DAİŞ'in Kobanê’ye yönelik saldırısının ardından Kurdistan ve Türkiye’de 6-8 Ekim 2014 tarihinde başlayan eylemler gerekçe gösterilerek Halkların Demokratik Partisi (HDP) eski Eş Genel Başkanları Figen Yüksekdağ ve Selahattin Demirtaş’ın da aralarında bulunduğu 18’i tutuklu 108 isim hakkında açılan dava sürüyor. Kamuoyunda "Kobanê Davası" olarak bilinen davanın 34’üncü duruşmasının 3’üncü periyodu bugün Sincan Kapalı Cezaevi Kampüsünde bulunan Ankara 22’nci Ağır Ceza Mahkemesi'nde görüldü. Duruşma, tutuklu yargılanan siyasetçi Ali Ürküt’ün avukatı Erhan Ürküt’ün savunmasıyla devam etti.
‘TOPLANTI ÜZERİNE ÖNÜMÜZDE 2 MİLYON KAĞIT VAR’
Kobanê Davası’nda somut bir suçlamanın bulunmadığına dikkat çeken Ürküt, “Olayın özü MYK toplantısına katıldın, mı katılmadın mı? Katıldıysan vay haline, katılmadıysan da vay haline. Bu toplantı meselesi üzerine 2 milyon kağıt var önümüzde. ANF sitesinin haberleri sık sık iddianamede ve mütalaada paylaşılmıştır. Biz iyi biliyoruz, BTK'dan da sorulmasını istiyoruz: İddia edilen 19 Eylül 2014 ile 30 Aralık 2020 tarihleri arasında ANF haber ajansına Türkiye'den erişim var mı yok mu? Erişim yoksa Ali Ürküt ANF haber ajansından paylaşılan örgütün talimatlarından nasıl haberdar oldu. Tüm açıklamaları nasıl okudu? İddia makamı bunu delilleriyle ortaya koymak zorundadır. Bizler birçok habere dosyaya ile ulaştık” diye konuştu.
‘ÜRKÜT’ÜN KANDİLE GİTTİĞİNE DAİR SOMUT KANIT YOK’

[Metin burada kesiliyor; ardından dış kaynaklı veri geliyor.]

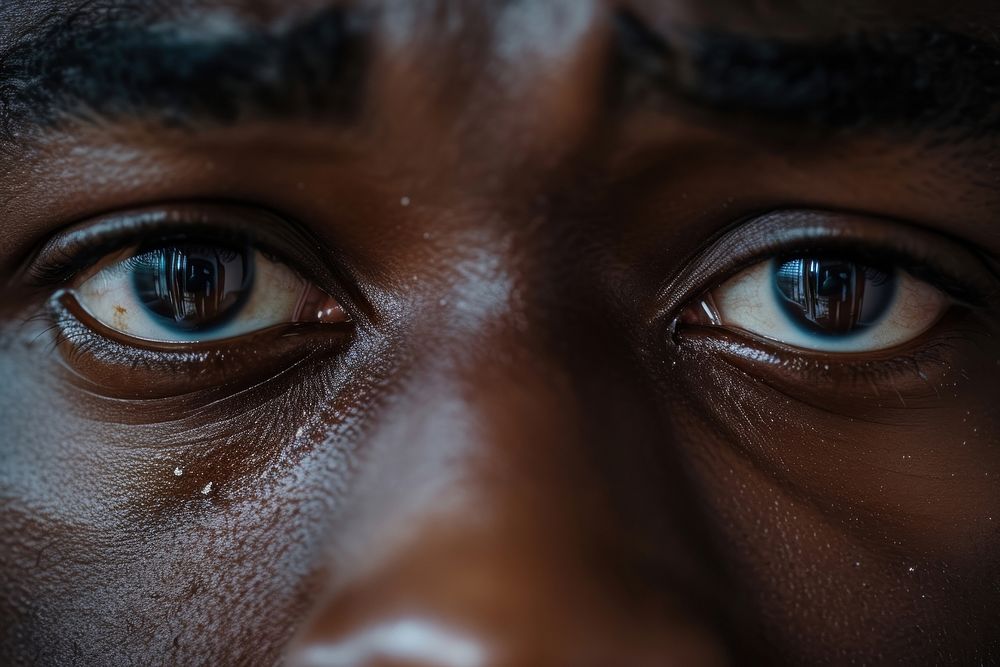Black man eyes skin forehead portrait.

İddia makamının eski defterleri karıştırdığını söyleyen Ürküt, şunları belirtti: “Müvekkilin yasa dışı örgüt üyesi olduğuna dair kesin bir hüküm yok. Yasalarla kurulmuş siyasi parti yöneticisi olduğu bir dönemde yapmış olduğu bir açıklama karşımıza Kobanê olaylarının gerekçesi olarak çıkıyor. Hikayeleri okumaya devam ediyoruz anlayacağınız. İddia makamı, ‘Sanığın, Şırnak-Habur Kara Terminalinden 01 Temmuz 2012 tarihinde yurtdışına giriş çıkışları tespit edilmiştir. Sanığın bu tarihte Kandil'e gittiği ihtimalinin çok yüksek olduğu anlaşılmıştır’ diyor. İddia makamının öngörüsüne hayran olduğumu belirtemem gerek. Bu nasıl bir iddiadır! Ali Ürküt’ün 2012'de Kandile gittiğine dair somut bir belge yok. Fotoğraf, video kaydı veya bir tanık beyanı dahi yok. Dosyayı çocuk oyuncağına çevirdiniz. İnsanların hayatı ile oynuyorsunuz.”

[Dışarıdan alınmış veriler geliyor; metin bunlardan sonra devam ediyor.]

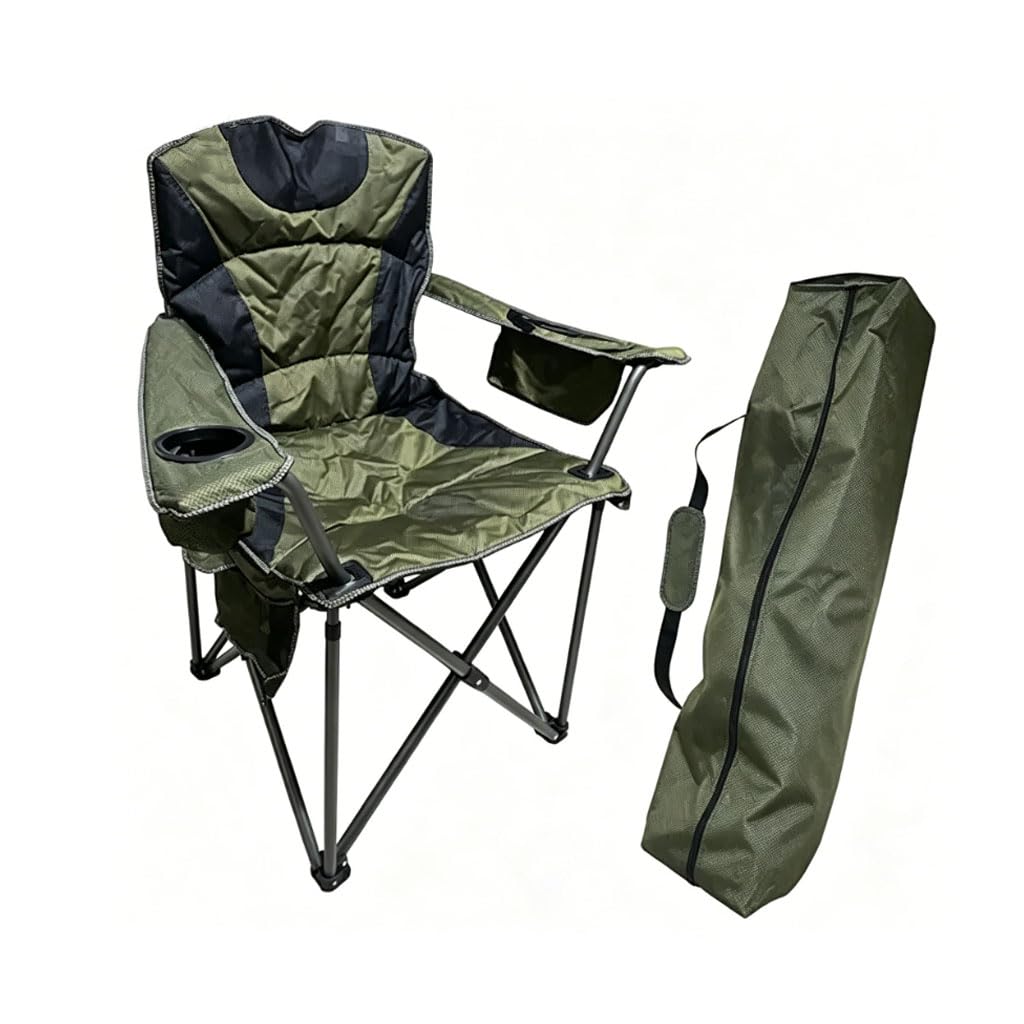 Campingstuhl Faltbar mit Dicker Polsterung, Klappstuhl Camping Stuhl mit Getränkehalter & Seitentasche, Stabiler Fischerstuhl für Garten Picknick Festival, inklusive Tragetasche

‘ÖRGÜTSEL EYLEMLER NEDİR?’
Ürküt son olarak suçlama konusu yapılan eylemlere dikkat çekerek, “Yüksek Seçim Kurulu (YSK) milletvekili adayı olmanız için adli sicil kaydı ister. Eğer adli sicil kaydınızda bir şey yoksa aday olursunuz. İddia makamı yasalarla kurulmuş bir partiden milletvekili adayı olmayı örgüt üyesi olarak nitelendiriyorsa muhtemelen bizim bilmediğimiz ve kendisinin doğaüstü güçlerle ele geçirdiği yasaları vardır. Bunların dışında 25 Kasım 2019 tarihli deliller bölümüne alınan Araştırma Tutanağında sanığın örgütsel birtakım eylemlerinin olduğu yazıyor. Nedir bunlar? Ali Ürküt'ün ‘kardeş kanı akmasın’ demesi mi örgütsel eylem?” dedi.
Duruşmaya yarın devam edilmek üzere ara verildi.